**About this exercise:** Given the material below, return only the lines starting at the line with "Mug Né le 4 juillet 4 juillet Anniversaire" and ending at the line with "Roaring Lion Impact", exactly as they appear.

**Entries shown:**
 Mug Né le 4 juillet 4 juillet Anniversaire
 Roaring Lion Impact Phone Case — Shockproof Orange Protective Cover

--

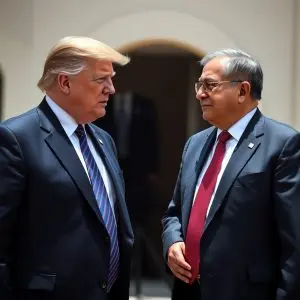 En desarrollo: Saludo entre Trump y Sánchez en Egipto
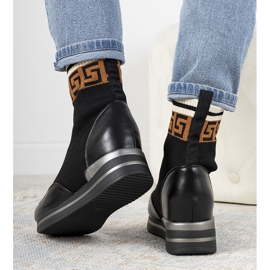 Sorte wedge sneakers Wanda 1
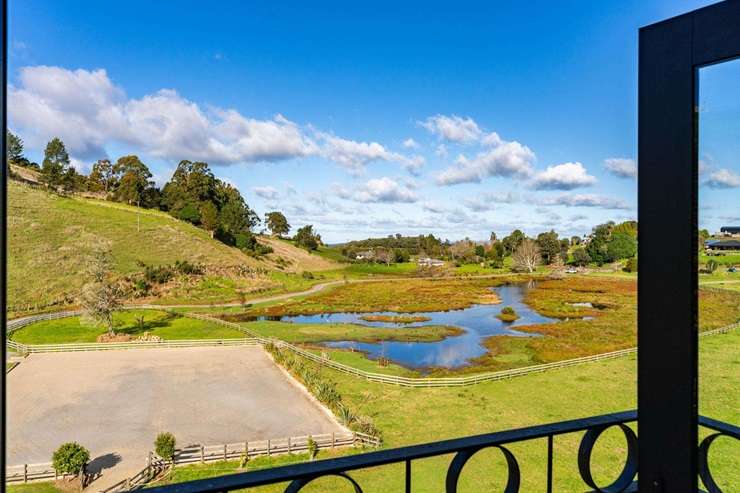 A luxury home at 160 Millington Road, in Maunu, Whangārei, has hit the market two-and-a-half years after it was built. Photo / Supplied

**Response to the task:**
 Mug Né le 4 juillet 4 juillet Anniversaire
 Roaring Lion Impact Phone Case — Shockproof Orange Protective Cover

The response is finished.